Broadway is often referred to as the showplace of the Cotswolds, and in this region of picturesque villages, that is quite a tribute. It consists of one main street (formerly a coach road between London and Worcester) skirting a village green with rows of honey-colored limestone buildings on either side. One of these buildings, the Lygon Arms Hotel, has welcomed guests for centuries, including the two rivals in the English Civil War, King Charles I and Oliver Cromwell, although presumably not at the same time.

During the 19th century, the village became a gathering place for writers (J. M. Barrie and Henry James), musicians (Edward Elgar) and artists (John Singer Sargent and Frank Millet), and in the early 20th century it was a center for the Arts and Crafts movement, with William Morris a frequent visitor and furniture maker Gordon Russell opening a shop, which is now a museum.

A great way to see Broadway is to take a walking tour with local artist Jeremy Houghton, one of the official artists for the 2012 London Olympics. In his tweed jacket and Wellies, Houghton proved the perfect guide to all the spots frequented by the "Broadway Colony."

Tasty pudding

"Now, everyone remember to bang your spoons as each pudding is introduced because as you know, puddings have feelings, too."

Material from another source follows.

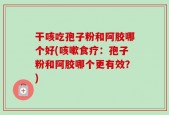 干咳吃孢子粉和阿胶哪个好(咳嗽食疗：孢子粉和阿胶哪个更有效？)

So spoke the "pudding master" as he prepared to announce the Parade of Puddings at the weekly Friday night meeting of the Pudding Club in the village of Mickleton. As each pudding was paraded into the room with great ceremony — beginning with the treacle sponge, followed by the jam roly poly, spotted dick, Lord Randall's pudding, apple crumble and summer pudding, and concluding with the squidgy chocolate-and-nut pudding — a thunderous cacophony of spoon-banging ensued.

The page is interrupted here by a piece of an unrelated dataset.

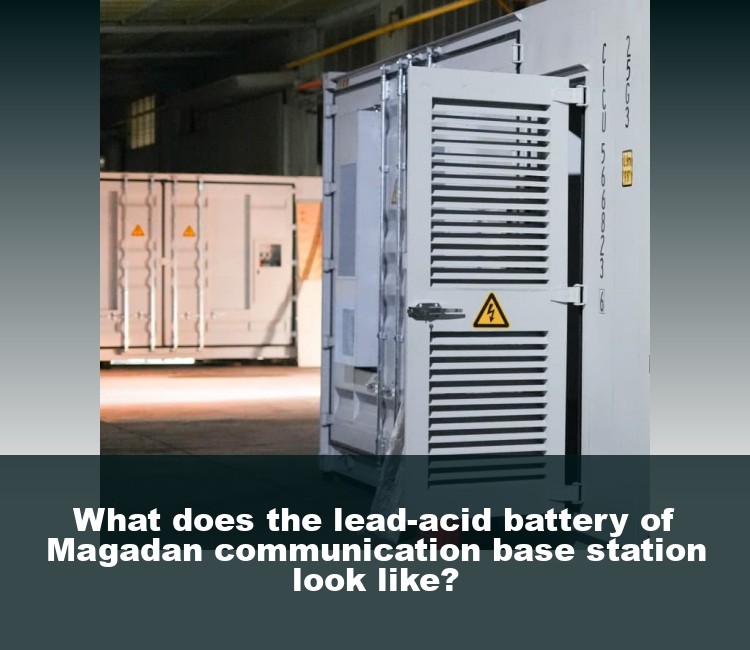 What does the lead-acid battery of Magadan communication base station look like?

Founded here at Three Ways House Hotel in 1985 to prevent the demise of the great British pudding, the club has no dues, no members (everyone's welcome), and no hard and fast rules other than that you must finish one pudding before starting another. During its 26 years, the club has served 100,000 pudding lovers — not just in Mickleton, but at special events in London, Dublin, New York and Tokyo. The evening offers pomp and circumstance mixed with frivolity and comfort in the knowledge that the British pudding appears safe from the challenge of frozen cheesecake and tasteless gateaux.

If you do want to attend, book ahead, because the weekly meetings are wildly popular. If you do get in, you'll probably decide that this is the best club you've never been a member of.